Moreover, I’m not convinced the limits as written in USA F-ReDux accomplish all that the Second Circuit’s earlier opinion envisioned, which is perhaps best described in the ways the dragnets didn’t resemble warrants or subpoenas.
Moreover, the distinction is not merely one of quantity – however vast the quantitative difference – but also of quality. Search warrants and document subpoenas typically seek the records of a particular individual or corporation under investigation, and cover particular time periods when the events under investigation occurred. The orders at issue here contain no such limits. The metadata concerning every telephone call made or received in the United States using the services of the recipient service provider are demanded, for an indefinite period extending into the future. The records demanded are not those of suspects under investigation, or of people or businesses that have contact with such subjects, or of people or businesses that have contact with others who are in contact with the subjects – they extend to every record that exists, and indeed to records that do not yet exist, as they impose a continuing obligation on the recipient of the subpoena to provide such records on an ongoing basis as they are created.

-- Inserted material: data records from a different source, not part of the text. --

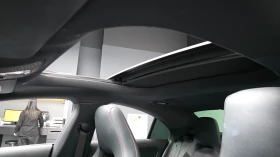 Mercedes-Benz CLA 250 AMG line//Подгрев/АМБИЕНТНО ОСВЕТЛЕНИЕ/, снимка 13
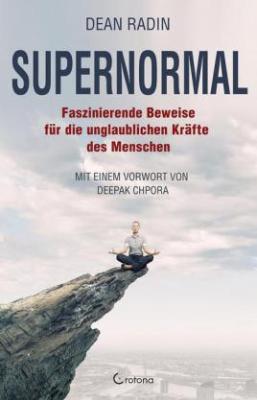 Dean Radin_Supernormal_MYSTICA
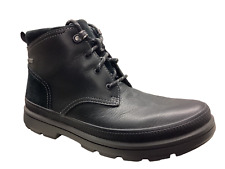 Clarks Men's Waterproof Boots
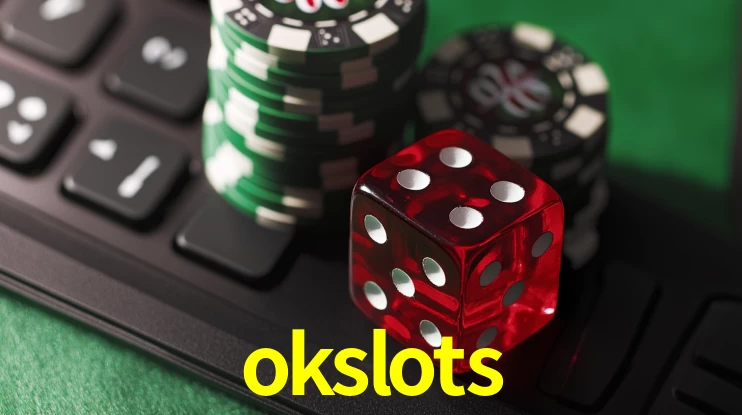 Live Casino okslots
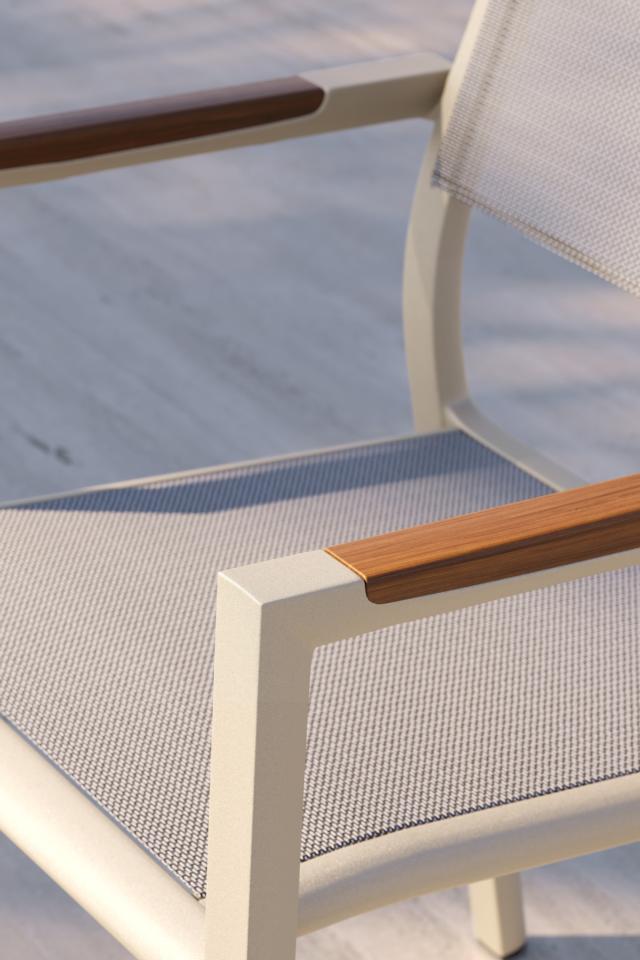 Dining Set | Jensen Leisure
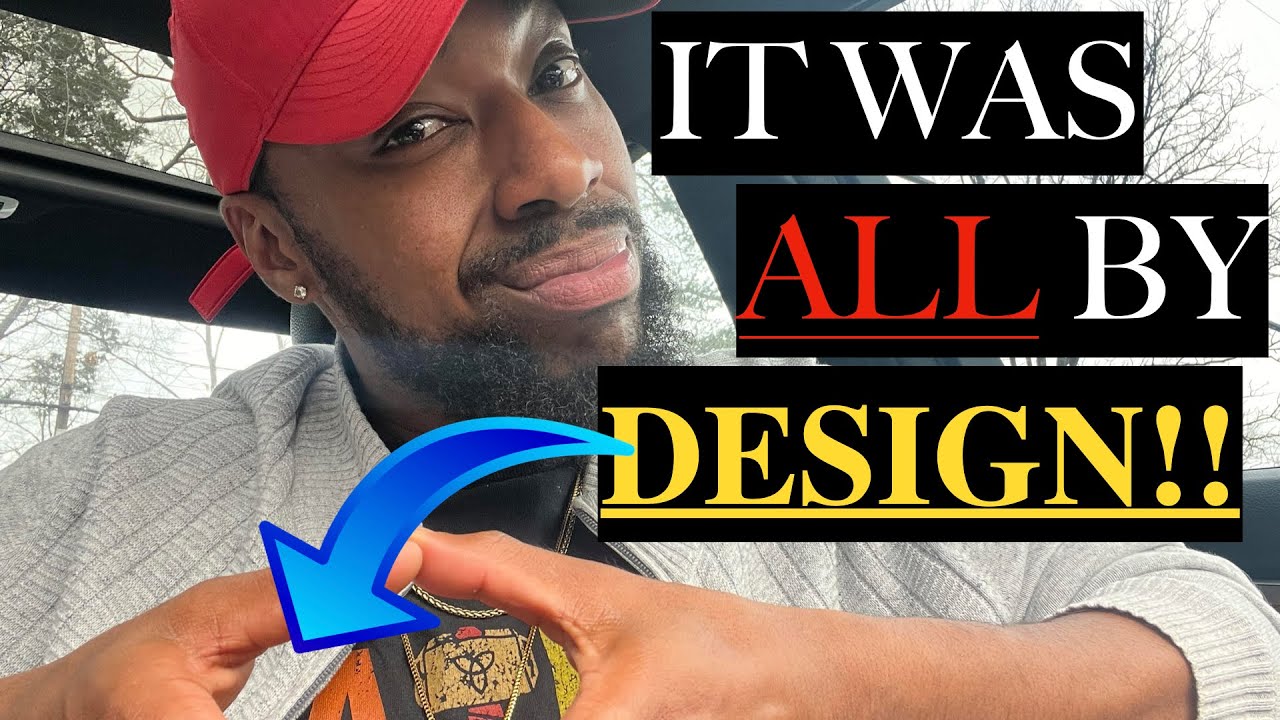 THERE IS A REASON WHY YOU DON'T FIT IN CHOSEN ONES, PAY VERY CLOSE ATTENTION 🗣✨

Even setting aside my concern that USA F-ReDux only explicitly prohibits the use of communications company names like Verizon and AT&T as a specific selection term — thus leaving open the possibility FISC will continue to let the government use financial company names as specific selection terms — USA F-ReDux certainly envisions the government imposing “a continuing obligation on the recipient of the subpoena to provide such records on an ongoing basis.” It also permits the collection of records that “are not those of suspects under investigation.”
In other words, Lynch used this second opinion to do more than say the Second Circuit was “done with it.” He used it to interpret USA F-ReDux — and the word “relevant” generally, outside of FISA, and to do so in ways that go beyond the clear language of the bill.
Vladeck is wrong when he suggested the Second Circuit would assess “whether and to what extent the Fourth Amendment applies to information we voluntarily provide to third parties” — that is, the Third Party Doctrine generally. The Second Circuit made it quite clear throughout that they were interested in the application of “relevant,” not whether the Third Party Doctrine still applied generally, which is probably why Lynch isn’t that worried about the injury recurring.
And I think Lynch used this opinion — one the government can’t really appeal — to suggest the application of USA F-ReDux is broader than it necessarily is, and to suggest the narrowing of “relevant to” is more general than it would be under USA F-ReDux (which applies just to certain sections of FISA, but not to the definition of “relevant” generally).
It’s not clear how useful the opinion will be in restricting other over-broad uses of the word “relevant” (especially given DEA claims it has eliminated its dragnet). But I do suspect, having interpreted the law as having narrowed the meaning of the law, Lynch felt like he had limited the egregious constitutional injury.